MTS: Achieving unified, seamless and intuitive customer experience remains an elusive proposition. How should organizations build the right engagements for the right audiences?
Barry: In order to build the right engagements for the right audiences, organizations need to prioritize understanding their users and adapting to their needs and preferences. Right now, about 12 percent of decision makers indicate that their organization doesn’t know when, where and how its users interact with the company across digital and physical channels and devices. In order to achieve a unified, seamless, and intuitive user experience, organizations have to spend time collecting qualitative, cross-channel user data. This type of data collection can be done through focus groups, one-to-one interviews and live observations. Data is an organization’s best friend. Given the advanced tech that is available today, timely and accurate reporting is incredibly easy to achieve. But it’s only by analyzing this information that it’s possible for organizations to quickly act on trends and user behaviors.

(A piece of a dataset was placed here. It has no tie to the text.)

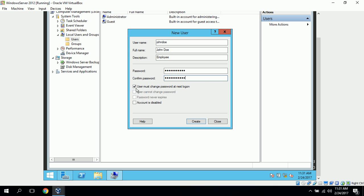Like last time, I'll just uncheck this because since it's a demonstration account. If this were a real account, I would leave that checked, and the employee would have to change the password on the first login.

Users crave personalization. And because of this, organizations’ demographics are important as they work to engage users across all channels, online and offline. In this process, organizations need to consider the individual users’ unique needs to create more and more brand loyalty through tailored offerings. If businesses can tap into the power of cognitive systems and AI, it’s possible to personalize experiences like never before. Organizations will be able to personalize the user experience and the data that the user interacts with, and then also change the way that data is produced through smarter systems. Ultimately, individual engagement will be key to the seamless experience and deep learning technology will help gather the necessary data to make each interaction a unique one.
MTS: With newer regulations for data privacy in place, how should digital companies prepare their enterprise technology stack to manage and analyze audience data more judiciously?
Barry: In order to prepare to securely manage analytics data, technologists & architects need to design systems with both event management and scalability in mind. The systems need to do much more than just monitor. They need to, in real-time, map different events to correctly react within the system to take the appropriate action. These systems need to have intelligence to make decisions involving both confidence in the data they receive and how to handle partial or supplemental data. With more and more variations in the system, organizations must consider Big Data security analytics solutions to help them manage the volume and coordination of data in the most secure way. In addition to the implementation considerations, organizations also need to consider tools for viewing the new influx of analytics data and reporting on that data. Having the right partners and team members to make sense of the vast amount of data as well as creating a roadmap to collect the right data to be analyzed.
MTS: Thanks for chatting with us, Barry.